Added new version to the first post.

Version: 0.2.2
  • Repaired error in searching that causes CPU overloading (thanks JiRo for cooperation)
  • If Runtime wasn't found on IMDb than script attempt to find it on CSFD
 

Trottel

Portal Member
February 18, 2009
48
26
Liberec
Home Country
Czech Republic Czech Republic
Re: CSFD scraper script 0.2.0 [CZ]

Added new version to the first post.

Version: 0.2.3
  • Repaired retrieving Directors, Actors and Summary from CSFD
 

JiRo

MP Donator
  • Premium Supporter
  • May 1, 2009
    184
    44
    Prague
    Home Country
    Czech Republic Czech Republic
    Re: CSFD scraper script 0.2.0 [CZ]

    Added new version to the first post.

    Version: 0.2.3
    • Repaired retrieving Directors, Actors and Summary from CSFD

    Hi,

    I found that in CSFD scraper something wrong a week ago and was ready to write you. You were faster and as always you did a great job. Thanks.

    JiRo.
     

    acmetelka

    New Member
    November 22, 2011
    2
    0
    Home Country
    Czech Republic Czech Republic
    Hi,

    I have question about this or maybe also others scrapers.

    Is it possible to achieve that movie database in Moving Pictures (using this scraper or some combination) will be as follows?

    I'm from Czech republic, so I have mainly czech or english movies in DB. I would prefer this in database.

    - if movie is czech, title in catalog is in czech only, description is in czech also ( informations from CSFD )
    - if movie is english, title in catalog would be "english original title ( czech alternative title ) or (as enhancement) "czech title (english original title)", description in czech ( if available on CSFD, or english, if movie found only in IMDB) (something similar I found in IMDB+ scryper, but as I understood, this scraper gets all informations only from IMDB, so in english)

    I was thinking about method how to achiveve this: first to look for movie in CSFD, if found and there is also IMDB link, get the english name also. If the movie is czech, set czech title, if english, set title as combination of titles from CSFD and IMDB.

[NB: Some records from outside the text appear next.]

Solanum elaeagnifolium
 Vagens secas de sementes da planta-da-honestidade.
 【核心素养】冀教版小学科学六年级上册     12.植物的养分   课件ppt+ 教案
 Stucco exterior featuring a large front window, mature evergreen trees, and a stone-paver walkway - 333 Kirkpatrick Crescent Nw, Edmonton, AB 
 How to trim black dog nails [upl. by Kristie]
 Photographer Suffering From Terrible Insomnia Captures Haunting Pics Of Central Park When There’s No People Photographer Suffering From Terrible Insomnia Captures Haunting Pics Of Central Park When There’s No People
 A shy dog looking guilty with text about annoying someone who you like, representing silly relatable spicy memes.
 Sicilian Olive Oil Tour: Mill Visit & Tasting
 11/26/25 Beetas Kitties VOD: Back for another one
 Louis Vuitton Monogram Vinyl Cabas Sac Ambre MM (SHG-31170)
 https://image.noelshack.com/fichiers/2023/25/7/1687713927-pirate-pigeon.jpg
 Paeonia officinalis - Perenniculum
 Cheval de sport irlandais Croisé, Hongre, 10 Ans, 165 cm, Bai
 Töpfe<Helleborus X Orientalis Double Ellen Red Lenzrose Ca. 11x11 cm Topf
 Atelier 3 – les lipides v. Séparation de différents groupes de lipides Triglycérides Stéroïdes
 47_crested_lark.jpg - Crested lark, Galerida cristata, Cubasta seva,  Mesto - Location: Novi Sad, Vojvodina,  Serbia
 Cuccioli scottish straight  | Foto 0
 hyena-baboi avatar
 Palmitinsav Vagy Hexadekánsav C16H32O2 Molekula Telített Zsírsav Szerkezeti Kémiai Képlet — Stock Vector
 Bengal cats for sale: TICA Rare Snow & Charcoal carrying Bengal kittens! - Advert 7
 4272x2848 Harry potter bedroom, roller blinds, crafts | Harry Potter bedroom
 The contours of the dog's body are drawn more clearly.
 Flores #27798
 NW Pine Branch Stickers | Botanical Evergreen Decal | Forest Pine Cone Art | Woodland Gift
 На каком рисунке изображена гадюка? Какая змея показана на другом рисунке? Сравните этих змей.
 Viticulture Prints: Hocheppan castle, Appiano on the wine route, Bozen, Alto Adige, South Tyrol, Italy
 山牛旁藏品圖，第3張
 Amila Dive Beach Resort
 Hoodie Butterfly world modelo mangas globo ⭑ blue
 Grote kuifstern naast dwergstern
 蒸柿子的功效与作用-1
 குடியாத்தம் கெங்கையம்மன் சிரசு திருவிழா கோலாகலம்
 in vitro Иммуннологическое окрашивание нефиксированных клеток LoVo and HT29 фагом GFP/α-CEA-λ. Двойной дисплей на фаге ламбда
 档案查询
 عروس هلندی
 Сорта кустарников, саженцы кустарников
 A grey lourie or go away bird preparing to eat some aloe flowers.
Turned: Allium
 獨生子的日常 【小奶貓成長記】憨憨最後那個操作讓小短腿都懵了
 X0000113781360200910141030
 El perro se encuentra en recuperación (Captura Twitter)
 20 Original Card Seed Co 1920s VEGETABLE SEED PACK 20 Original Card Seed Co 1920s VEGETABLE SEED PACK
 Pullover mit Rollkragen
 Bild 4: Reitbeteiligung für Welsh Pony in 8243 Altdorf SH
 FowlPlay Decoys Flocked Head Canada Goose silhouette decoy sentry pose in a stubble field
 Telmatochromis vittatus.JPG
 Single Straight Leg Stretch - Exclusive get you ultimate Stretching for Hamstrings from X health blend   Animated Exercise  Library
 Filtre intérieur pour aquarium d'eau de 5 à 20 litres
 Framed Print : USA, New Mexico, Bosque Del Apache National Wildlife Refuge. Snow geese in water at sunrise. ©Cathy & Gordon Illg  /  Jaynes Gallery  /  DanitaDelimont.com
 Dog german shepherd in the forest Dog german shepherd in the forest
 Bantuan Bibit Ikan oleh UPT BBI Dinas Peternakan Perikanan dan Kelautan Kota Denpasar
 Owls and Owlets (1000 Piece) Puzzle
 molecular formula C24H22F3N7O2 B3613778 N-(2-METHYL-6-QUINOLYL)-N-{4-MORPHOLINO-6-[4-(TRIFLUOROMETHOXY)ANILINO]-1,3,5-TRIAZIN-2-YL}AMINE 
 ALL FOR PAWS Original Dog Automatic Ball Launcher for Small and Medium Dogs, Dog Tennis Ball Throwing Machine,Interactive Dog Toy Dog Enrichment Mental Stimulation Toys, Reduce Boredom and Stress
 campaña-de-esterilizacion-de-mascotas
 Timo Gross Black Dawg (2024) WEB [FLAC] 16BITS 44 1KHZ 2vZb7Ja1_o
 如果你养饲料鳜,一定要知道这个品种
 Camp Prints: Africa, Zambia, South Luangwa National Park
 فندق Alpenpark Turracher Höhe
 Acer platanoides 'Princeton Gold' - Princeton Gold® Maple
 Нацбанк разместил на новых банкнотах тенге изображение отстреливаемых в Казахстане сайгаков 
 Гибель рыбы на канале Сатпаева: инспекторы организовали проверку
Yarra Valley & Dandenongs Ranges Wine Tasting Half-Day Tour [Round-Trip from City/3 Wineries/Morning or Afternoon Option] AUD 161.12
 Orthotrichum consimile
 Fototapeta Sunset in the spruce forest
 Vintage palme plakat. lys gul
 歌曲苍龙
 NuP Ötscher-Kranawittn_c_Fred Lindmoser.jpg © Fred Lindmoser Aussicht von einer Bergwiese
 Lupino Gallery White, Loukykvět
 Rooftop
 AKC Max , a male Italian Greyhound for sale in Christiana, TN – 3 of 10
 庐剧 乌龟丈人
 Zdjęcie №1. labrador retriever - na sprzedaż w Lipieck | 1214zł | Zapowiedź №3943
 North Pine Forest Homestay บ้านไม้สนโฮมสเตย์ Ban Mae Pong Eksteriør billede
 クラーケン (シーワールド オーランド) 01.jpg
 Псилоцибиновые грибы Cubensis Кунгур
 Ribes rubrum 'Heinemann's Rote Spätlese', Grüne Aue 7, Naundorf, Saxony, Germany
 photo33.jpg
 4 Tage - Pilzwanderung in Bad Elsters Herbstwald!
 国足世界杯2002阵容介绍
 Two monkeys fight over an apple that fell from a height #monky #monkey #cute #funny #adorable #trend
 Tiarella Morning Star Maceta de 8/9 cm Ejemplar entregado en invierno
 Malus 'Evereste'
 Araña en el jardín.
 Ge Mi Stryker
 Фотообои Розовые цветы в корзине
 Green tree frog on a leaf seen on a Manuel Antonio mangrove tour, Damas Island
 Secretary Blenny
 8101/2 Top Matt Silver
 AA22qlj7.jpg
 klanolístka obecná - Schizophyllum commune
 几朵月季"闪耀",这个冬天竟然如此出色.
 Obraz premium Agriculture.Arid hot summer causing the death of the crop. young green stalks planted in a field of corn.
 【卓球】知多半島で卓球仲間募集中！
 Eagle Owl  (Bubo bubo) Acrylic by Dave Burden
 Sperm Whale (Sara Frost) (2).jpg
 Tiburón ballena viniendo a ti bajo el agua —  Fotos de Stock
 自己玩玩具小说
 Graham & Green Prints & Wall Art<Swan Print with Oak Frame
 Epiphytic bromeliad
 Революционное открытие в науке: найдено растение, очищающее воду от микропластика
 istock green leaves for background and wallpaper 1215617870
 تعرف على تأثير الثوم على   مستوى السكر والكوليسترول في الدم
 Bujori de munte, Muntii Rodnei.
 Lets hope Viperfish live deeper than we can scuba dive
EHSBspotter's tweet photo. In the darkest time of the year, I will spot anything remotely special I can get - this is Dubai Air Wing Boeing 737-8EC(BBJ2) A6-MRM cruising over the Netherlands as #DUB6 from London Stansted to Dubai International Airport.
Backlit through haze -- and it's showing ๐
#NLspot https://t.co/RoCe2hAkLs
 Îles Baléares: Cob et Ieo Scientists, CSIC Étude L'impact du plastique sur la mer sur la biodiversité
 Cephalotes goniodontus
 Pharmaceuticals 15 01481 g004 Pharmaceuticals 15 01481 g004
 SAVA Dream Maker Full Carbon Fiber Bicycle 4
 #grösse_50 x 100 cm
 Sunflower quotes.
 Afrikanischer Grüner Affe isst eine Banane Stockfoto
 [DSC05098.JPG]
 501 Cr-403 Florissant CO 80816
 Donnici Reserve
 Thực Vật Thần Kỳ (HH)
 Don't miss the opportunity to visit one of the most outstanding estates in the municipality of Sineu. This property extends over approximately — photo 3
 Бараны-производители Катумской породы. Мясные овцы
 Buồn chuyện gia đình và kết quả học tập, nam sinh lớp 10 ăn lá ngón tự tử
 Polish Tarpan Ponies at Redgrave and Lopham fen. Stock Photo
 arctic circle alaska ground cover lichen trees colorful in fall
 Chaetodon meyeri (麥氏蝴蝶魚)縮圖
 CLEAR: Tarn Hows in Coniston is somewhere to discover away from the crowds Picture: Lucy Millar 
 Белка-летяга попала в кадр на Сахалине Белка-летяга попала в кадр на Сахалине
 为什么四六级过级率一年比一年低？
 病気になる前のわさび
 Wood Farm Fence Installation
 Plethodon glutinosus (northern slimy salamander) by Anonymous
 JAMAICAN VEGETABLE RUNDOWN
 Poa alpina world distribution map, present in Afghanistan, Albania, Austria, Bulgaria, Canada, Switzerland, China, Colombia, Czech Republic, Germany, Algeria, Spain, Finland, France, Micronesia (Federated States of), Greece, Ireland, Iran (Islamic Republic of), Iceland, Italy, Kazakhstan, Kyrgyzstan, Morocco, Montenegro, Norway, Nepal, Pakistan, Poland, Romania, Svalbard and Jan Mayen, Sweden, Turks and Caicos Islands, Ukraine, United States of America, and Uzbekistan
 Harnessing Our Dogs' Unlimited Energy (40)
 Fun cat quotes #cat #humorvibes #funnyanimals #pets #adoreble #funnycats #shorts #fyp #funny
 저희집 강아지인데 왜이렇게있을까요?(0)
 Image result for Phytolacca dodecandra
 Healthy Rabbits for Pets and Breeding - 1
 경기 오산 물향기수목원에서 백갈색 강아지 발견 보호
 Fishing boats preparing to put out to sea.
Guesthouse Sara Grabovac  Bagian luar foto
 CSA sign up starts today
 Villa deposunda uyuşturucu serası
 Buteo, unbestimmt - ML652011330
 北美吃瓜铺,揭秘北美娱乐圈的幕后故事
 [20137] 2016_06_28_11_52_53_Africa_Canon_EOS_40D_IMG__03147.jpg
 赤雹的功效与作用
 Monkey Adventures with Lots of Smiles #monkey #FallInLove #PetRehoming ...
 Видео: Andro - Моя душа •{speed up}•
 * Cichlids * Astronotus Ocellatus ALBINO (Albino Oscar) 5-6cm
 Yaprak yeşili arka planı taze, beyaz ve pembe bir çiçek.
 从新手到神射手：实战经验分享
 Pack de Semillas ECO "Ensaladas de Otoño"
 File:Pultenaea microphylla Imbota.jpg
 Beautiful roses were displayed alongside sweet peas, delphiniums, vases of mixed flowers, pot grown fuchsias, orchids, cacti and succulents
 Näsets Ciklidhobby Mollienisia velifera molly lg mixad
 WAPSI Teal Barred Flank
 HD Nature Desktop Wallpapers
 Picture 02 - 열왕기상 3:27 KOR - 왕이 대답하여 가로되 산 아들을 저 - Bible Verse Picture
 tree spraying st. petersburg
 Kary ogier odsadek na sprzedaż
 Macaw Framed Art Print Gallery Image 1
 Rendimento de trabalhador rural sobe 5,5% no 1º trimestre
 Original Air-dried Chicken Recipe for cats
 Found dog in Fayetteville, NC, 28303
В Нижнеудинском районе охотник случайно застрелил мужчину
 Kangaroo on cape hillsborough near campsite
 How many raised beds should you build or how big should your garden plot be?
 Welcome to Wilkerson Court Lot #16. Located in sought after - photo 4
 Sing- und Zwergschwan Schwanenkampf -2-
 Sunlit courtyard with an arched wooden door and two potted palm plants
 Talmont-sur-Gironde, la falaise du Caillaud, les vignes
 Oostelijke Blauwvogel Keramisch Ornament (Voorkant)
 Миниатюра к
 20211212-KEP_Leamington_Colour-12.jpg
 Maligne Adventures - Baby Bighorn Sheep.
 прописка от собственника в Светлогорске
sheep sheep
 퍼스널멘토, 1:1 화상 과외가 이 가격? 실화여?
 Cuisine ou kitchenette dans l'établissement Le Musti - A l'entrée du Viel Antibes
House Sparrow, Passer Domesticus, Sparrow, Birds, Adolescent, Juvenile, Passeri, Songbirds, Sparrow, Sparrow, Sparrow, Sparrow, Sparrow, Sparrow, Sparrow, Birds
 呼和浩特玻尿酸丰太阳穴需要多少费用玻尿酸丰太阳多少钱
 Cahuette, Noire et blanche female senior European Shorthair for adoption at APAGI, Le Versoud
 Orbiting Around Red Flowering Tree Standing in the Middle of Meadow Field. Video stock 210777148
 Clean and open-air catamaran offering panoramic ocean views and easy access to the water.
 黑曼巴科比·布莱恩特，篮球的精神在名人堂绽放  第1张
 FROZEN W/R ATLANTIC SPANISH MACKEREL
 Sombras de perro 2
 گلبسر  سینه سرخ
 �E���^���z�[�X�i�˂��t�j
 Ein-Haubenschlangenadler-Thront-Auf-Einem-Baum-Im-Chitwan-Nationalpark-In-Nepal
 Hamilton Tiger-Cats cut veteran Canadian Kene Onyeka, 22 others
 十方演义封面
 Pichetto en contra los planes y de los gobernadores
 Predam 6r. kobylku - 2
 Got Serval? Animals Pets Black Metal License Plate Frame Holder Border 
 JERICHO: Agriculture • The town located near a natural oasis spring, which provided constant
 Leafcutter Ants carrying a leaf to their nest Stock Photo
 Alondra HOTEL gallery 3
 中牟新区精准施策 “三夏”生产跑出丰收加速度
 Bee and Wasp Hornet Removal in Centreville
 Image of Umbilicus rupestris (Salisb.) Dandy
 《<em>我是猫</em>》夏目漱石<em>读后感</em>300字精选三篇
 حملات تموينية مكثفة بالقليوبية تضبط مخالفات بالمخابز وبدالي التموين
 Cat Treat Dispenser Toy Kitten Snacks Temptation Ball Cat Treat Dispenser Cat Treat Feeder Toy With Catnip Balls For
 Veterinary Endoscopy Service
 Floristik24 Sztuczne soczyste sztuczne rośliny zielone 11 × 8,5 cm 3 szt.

    Would it be something like this possible? Using this scraper, or some combinations of scrapers?

    Thanks a lot,

    Metelka
     

    JiRo

    MP Donator
  • Premium Supporter
  • May 1, 2009
    184
    44
    Prague
    Home Country
    Czech Republic Czech Republic
    Hi Metelka,

    I understand your idea, I would welcome something like that. I thought about it and began to adjust scraper and a few months ago, but after a while I stopped. I have not idea how it should work. Your vision is clearier (it is also easier). Anyway, I answered you question. What you want can be resolved only by scraper adjusting :(. I'll think about your idea.

    Thinking... :p

    And now my first question. What is english movie?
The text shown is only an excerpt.